# moving firewood stacked on pallets



## smiley (Dec 20, 2007)

I didn't have time to get my firewood in because of putting on a new roof this fall so have to get it in now. Rather than throw it in the bucket then stack it on the porch, I decided to stack it on pallets then move them to the porch with forks on the loader, then into place with a pallet jack. No matter how well you stack it, your almost bound to lose some on the first bump. I've tried roping it on, slats up the side and on top, but that takes a lot of time and usually lose some anyway.
This is the best solution I've found. Quick, cheap and haven't lost a piece yet.
Smiley


----------



## drmiller100 (Dec 20, 2007)

plastic shrinkwrap is even cheaper and works well.


----------



## ktm250rider (Dec 20, 2007)

Ive been toying with pallets. I put three sides on one so that you can stack it easily then pick em up with forks.


----------



## smiley (Dec 20, 2007)

*pallets with sides*

A friend gave me several pallets that are closed on all 4 sides, about 3 1/2 ft high but they're a pain to dig down in to get wood. I could take one side off but can't stack them on the porch anyway for lack of clearance.
Smiley


----------



## ktm250rider (Dec 21, 2007)

Yeah, my first try was with all four sides, didnt work so well.


----------



## JackD_ME (Dec 21, 2007)

Go to BJ's or Sam's club [or a local warehouse] and get a roll of plastic film they call "pallet wrap". It has a million or so feet on it and is really cheap if you look at it 'by-the-foot'!
Stack the wood on the pallet then hook the saran-wrap around or under a top piece and start walking around it while it unrolls! About three turns should hold it secure.
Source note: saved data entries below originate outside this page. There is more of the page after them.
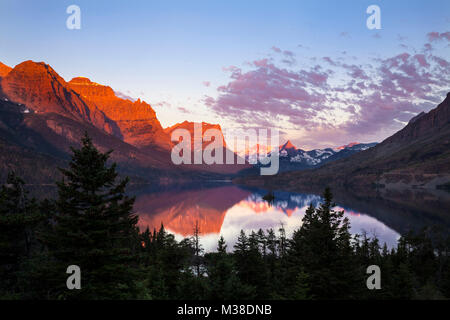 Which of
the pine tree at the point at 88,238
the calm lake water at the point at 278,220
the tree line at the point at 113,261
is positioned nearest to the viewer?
the pine tree at the point at 88,238

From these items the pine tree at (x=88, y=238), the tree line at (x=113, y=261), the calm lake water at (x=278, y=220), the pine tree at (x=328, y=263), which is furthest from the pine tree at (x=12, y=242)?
the calm lake water at (x=278, y=220)

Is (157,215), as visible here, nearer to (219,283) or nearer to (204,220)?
(204,220)

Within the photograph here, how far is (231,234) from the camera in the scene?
9181cm

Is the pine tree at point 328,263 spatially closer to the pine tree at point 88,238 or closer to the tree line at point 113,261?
the tree line at point 113,261

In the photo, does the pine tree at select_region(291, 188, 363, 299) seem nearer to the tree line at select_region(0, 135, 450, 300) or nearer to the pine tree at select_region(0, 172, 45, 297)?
the tree line at select_region(0, 135, 450, 300)

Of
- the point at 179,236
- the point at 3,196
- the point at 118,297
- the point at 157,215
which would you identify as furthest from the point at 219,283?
the point at 157,215

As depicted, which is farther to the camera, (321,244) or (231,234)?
(231,234)

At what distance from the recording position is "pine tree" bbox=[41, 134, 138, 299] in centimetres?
1416

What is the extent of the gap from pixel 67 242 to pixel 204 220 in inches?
4265

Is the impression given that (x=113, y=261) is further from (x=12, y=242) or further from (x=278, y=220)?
(x=278, y=220)

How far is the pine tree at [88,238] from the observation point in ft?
46.4

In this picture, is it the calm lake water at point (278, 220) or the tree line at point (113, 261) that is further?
the calm lake water at point (278, 220)

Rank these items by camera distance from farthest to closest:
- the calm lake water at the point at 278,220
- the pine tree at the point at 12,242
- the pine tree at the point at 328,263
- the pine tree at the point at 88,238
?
the calm lake water at the point at 278,220
the pine tree at the point at 12,242
the pine tree at the point at 328,263
the pine tree at the point at 88,238

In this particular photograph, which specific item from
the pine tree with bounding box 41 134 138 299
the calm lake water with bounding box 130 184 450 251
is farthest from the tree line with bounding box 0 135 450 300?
the calm lake water with bounding box 130 184 450 251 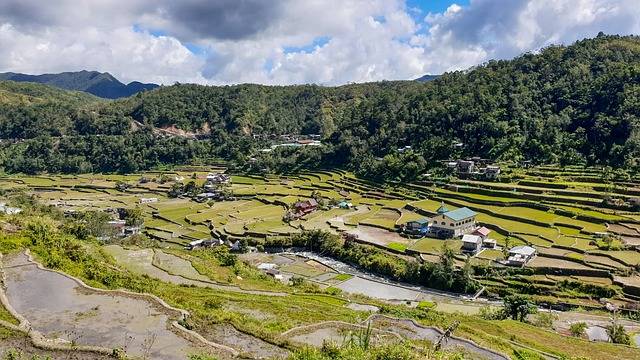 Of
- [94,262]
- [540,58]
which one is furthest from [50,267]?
[540,58]

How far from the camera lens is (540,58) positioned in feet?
238

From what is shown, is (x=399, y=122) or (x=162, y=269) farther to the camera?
(x=399, y=122)

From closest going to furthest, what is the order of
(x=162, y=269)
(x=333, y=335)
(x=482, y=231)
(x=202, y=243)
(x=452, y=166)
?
(x=333, y=335) < (x=162, y=269) < (x=482, y=231) < (x=202, y=243) < (x=452, y=166)

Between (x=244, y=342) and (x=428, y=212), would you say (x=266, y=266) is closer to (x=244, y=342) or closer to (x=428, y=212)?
(x=428, y=212)

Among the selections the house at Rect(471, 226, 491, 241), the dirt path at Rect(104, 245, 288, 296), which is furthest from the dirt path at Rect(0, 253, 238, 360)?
the house at Rect(471, 226, 491, 241)

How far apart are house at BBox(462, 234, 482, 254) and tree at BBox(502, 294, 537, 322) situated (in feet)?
28.2

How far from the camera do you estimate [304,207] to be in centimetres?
4869

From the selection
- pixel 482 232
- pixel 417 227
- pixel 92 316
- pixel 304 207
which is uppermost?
pixel 92 316

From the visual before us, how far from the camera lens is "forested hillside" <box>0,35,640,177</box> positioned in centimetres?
5534

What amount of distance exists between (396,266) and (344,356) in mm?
22282

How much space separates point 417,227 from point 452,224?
2.78 meters

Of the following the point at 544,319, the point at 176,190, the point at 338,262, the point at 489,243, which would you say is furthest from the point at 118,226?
the point at 544,319

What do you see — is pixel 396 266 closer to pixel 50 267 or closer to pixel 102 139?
pixel 50 267

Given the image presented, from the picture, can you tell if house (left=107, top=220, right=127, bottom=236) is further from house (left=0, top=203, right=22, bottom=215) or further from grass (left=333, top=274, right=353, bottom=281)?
grass (left=333, top=274, right=353, bottom=281) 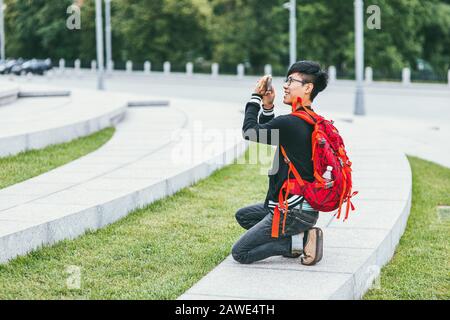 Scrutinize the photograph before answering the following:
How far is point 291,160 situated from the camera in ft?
19.5

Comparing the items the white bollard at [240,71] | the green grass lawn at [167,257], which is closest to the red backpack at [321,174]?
the green grass lawn at [167,257]

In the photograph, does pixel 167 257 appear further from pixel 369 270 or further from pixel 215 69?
pixel 215 69

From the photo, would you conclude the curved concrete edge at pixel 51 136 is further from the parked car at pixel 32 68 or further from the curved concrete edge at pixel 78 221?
the parked car at pixel 32 68

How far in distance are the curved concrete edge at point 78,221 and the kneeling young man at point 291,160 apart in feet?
5.28

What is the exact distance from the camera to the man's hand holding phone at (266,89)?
19.5 ft

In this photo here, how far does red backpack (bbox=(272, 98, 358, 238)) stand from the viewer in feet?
19.0

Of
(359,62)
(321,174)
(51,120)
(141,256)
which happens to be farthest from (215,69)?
(321,174)

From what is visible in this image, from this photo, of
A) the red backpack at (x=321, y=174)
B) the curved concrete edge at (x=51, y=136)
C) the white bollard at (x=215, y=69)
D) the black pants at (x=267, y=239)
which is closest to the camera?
the red backpack at (x=321, y=174)

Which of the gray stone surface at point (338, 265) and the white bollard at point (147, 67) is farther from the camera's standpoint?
the white bollard at point (147, 67)

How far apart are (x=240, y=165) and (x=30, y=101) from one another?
364 inches

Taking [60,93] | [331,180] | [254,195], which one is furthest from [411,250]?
[60,93]

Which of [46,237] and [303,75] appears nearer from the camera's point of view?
[303,75]

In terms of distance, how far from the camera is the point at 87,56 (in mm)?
78062

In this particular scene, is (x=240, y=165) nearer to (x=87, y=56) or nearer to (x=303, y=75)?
(x=303, y=75) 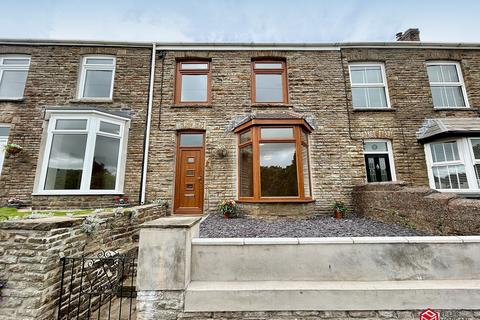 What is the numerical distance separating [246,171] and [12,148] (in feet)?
23.7

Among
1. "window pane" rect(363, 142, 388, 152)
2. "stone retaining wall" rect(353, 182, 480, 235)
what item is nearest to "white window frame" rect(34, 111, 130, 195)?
"stone retaining wall" rect(353, 182, 480, 235)

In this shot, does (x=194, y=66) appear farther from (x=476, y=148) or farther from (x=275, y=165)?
(x=476, y=148)

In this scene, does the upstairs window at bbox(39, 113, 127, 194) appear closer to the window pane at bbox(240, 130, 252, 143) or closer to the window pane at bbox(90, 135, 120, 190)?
the window pane at bbox(90, 135, 120, 190)

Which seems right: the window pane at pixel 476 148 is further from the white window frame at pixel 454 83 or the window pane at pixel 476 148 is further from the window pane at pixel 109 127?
the window pane at pixel 109 127

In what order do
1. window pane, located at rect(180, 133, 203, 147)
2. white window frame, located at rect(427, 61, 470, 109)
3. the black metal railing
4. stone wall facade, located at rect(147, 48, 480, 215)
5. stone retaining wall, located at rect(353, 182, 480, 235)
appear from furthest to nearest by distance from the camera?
white window frame, located at rect(427, 61, 470, 109), window pane, located at rect(180, 133, 203, 147), stone wall facade, located at rect(147, 48, 480, 215), stone retaining wall, located at rect(353, 182, 480, 235), the black metal railing

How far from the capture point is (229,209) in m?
6.14

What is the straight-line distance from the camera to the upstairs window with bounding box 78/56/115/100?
740 cm

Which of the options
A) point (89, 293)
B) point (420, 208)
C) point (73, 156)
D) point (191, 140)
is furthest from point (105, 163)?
point (420, 208)

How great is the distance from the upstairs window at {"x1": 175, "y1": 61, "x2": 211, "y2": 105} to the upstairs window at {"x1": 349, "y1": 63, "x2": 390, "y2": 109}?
5550 mm

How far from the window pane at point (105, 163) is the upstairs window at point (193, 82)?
270 cm

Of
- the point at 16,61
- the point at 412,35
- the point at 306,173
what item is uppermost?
the point at 412,35

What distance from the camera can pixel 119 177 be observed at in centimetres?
664

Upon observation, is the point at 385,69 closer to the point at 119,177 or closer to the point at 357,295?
the point at 357,295

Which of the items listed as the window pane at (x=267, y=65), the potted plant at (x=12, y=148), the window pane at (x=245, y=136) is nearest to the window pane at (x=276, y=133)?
the window pane at (x=245, y=136) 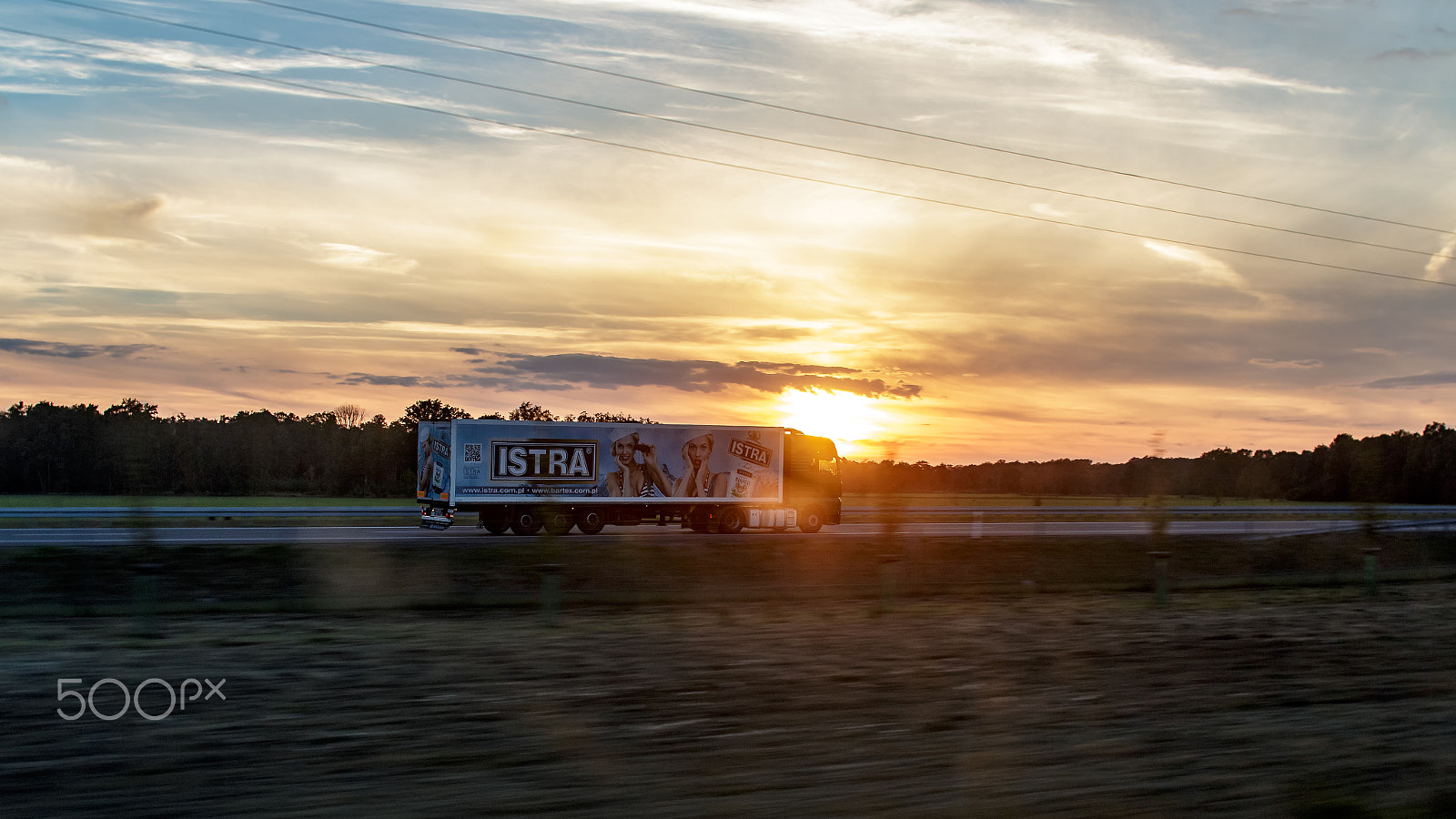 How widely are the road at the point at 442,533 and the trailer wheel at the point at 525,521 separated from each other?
1.40 metres

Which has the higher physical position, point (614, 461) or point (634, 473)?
point (614, 461)

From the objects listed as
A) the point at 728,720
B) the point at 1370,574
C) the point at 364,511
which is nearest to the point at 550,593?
the point at 728,720

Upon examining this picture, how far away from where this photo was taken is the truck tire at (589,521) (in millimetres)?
33312

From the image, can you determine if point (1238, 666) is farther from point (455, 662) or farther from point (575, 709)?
point (455, 662)

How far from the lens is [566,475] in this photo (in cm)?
3319

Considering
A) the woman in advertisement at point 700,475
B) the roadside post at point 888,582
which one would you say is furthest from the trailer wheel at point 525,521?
the roadside post at point 888,582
Just cover it with scrap plywood or tin roofing to keep the rain off. The gaps in the pallet allow air in and gaps in the top allows air out. You may not want to wrap it all the way to the top!


----------



## saginaw22 (Dec 21, 2007)

Yup the plastic wrap works well...I work around hi-lo's all day and 
it can save the day in a hurry....


----------



## goof008 (Dec 21, 2007)

My buddy does the pallet thing too. He straps plywood around it and puts 3 pallets worth on his porch at a time. He can keep all the wood out of site behind the barn, and bring it up with ease when he needs it....must be nice!


----------



## cvdirtrider (Dec 22, 2007)

*Pallet Wrapping*

We have been experimenting with pallets too, using shrink wrap to keep things together, works well going up/down driveways with the load on pallet forks too when we make local deliveries (we are out in the country, no big deal to run a tractor on the roads around here). We might go back to just making a big pile of split wood and using a front end loader to put it in the dump trailer, then stack at customers house. Not sure which way is better. Nice to have it palletized come winter though, quicker to get it to the customers house. Although we sometimes still have to hand off load as most people around here want it stacked and we can't always get the pallet to the designated location.


----------



## palogger (Dec 22, 2007)

another idea that might work, a friend of mine does this, is he made racks out of 2inch steel pipe and made it so he could just fill them up and then use his backoe with forks and move them around


----------



## blackdoggy (Dec 22, 2007)

palogger said:


> another idea that might work, a friend of mine does this, is he made racks out of 2inch steel pipe and made it so he could just fill them up and then use his backhoe with forks and move them around


Thats one of the best ideas yet. Heck while your at it why not add on some cheap casters to the bottom to position them on the porch? I could see this type of unit being made out of thin wall 2x2 square tubing or 1 inch black iron pipe welded to a base made with 2x2 or 2x4 steel tubing.


----------



## kkesler (Dec 24, 2007)

I cut a pallet in half, then make a box out of it using a couple of 2x4s cut in half. Easily moved around with the lift on the tractor, and I park a couple under the deck so it's an easy trip to get an armload of wood.


----------



## thenorth (Dec 27, 2007)

i use 4x4 pallets as well. with 24'' sides. chicken wire wrapped around, i place them 3 high.. easy to fill and move....


----------